Lines from the one containing "Vila Sancar Pousada-3" through the last line of the data are to be returned exactly, both ends included, minus any pictures.

***

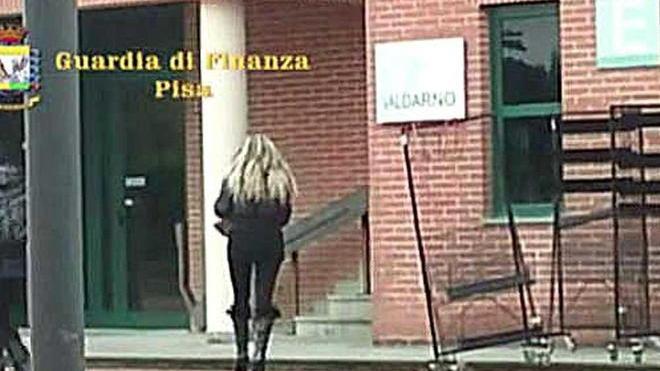 Cieca sì, ma non del tutto chiesto processo per truffa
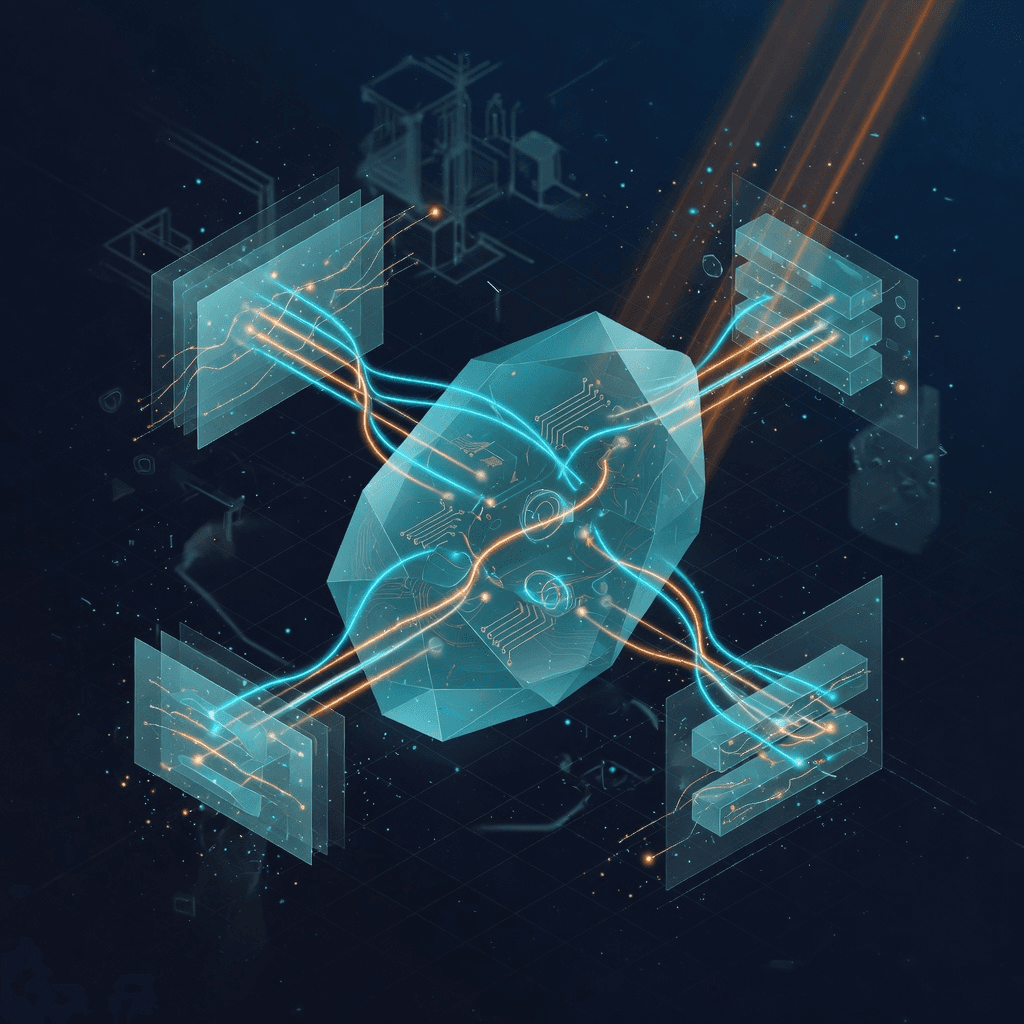 Copertina: Memoria persistente AI: perché cambia il gioco per i founder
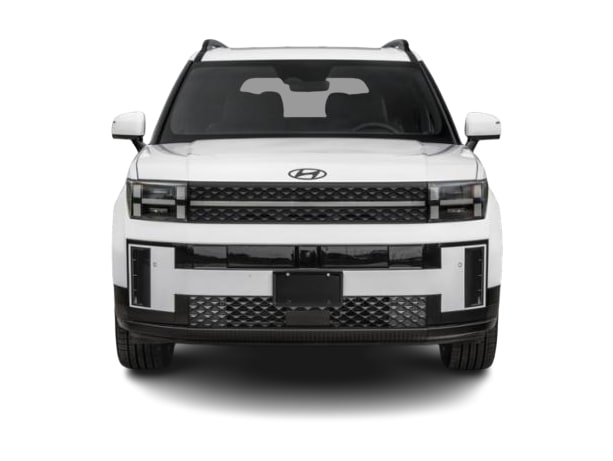 Thumbnail: 2026 Hyundai Santa Fe - 4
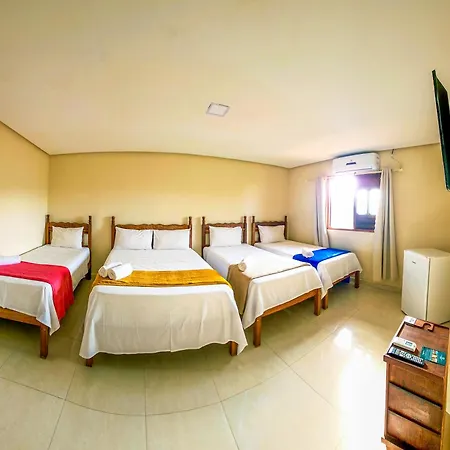 Vila Sancar Pousada-3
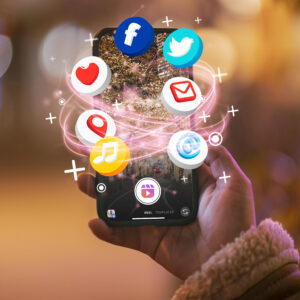 digital marketing activity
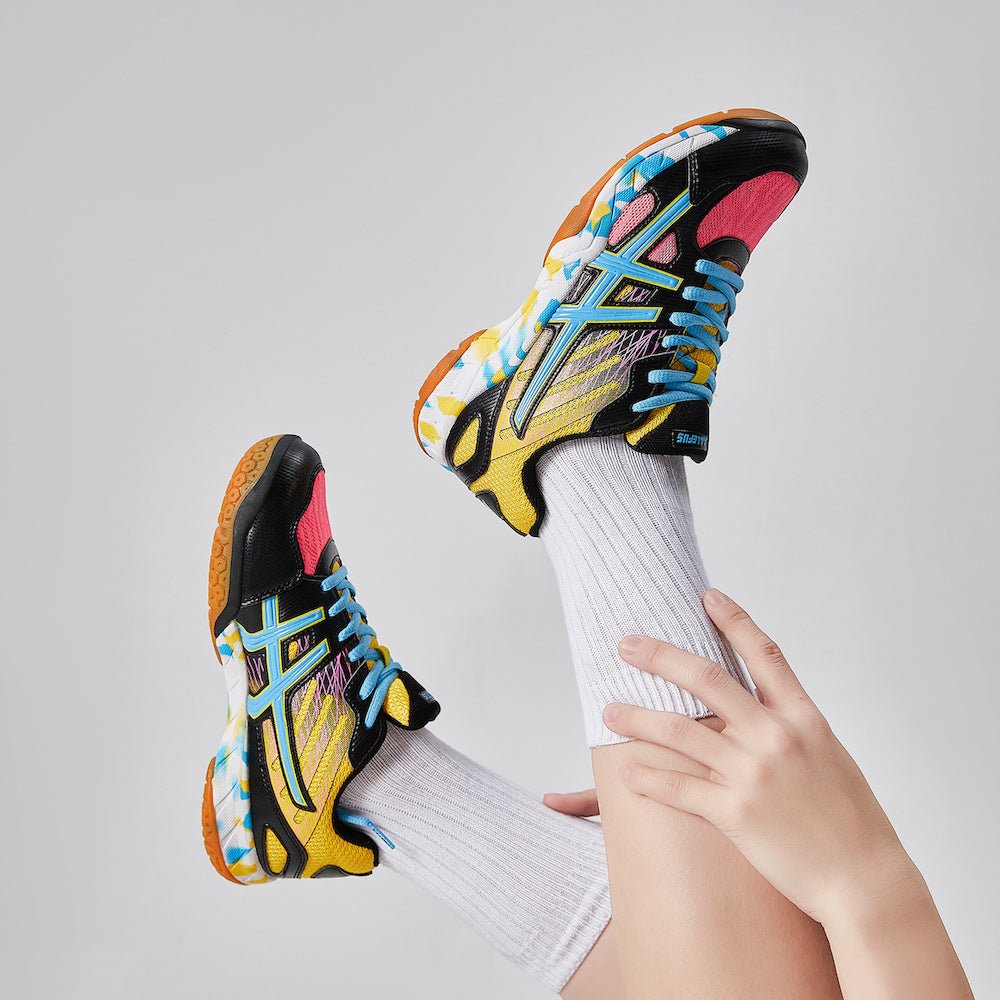 Ortho Expert - All Purpose | Lightweight Daily Wear Shoes - Omega Walk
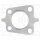 ELRING 302.390 Dichtung, Lader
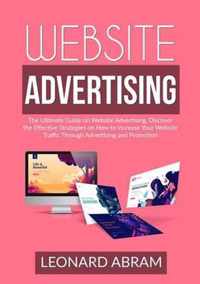 Website Advertising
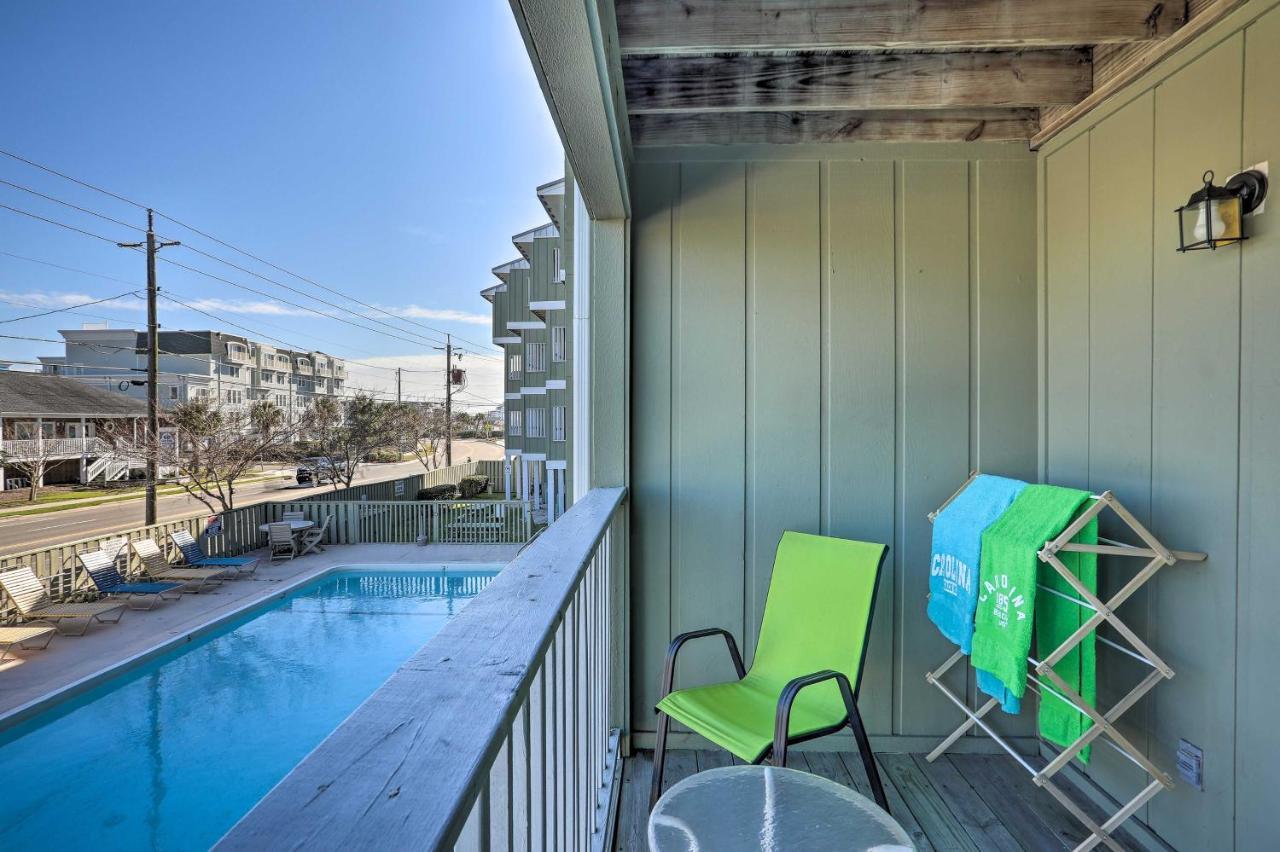 Quaint And Cozy Near Boardwalk! * Carolina Beach
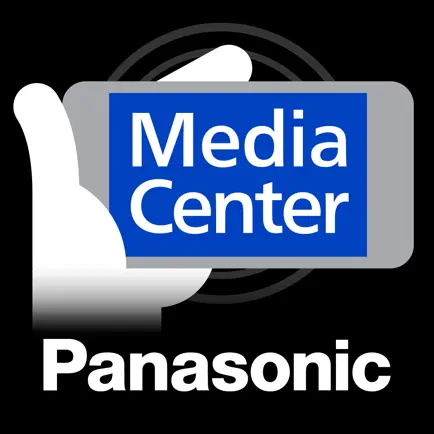 Panasonic Media Center Cheats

***

## WRITTEN SOLUTION
 Vila Sancar Pousada-3
 digital marketing activity
 Ortho Expert - All Purpose | Lightweight Daily Wear Shoes - Omega Walk
 ELRING 302.390 Dichtung, Lader
 Website Advertising
 Quaint And Cozy Near Boardwalk! * Carolina Beach
 Panasonic Media Center Cheats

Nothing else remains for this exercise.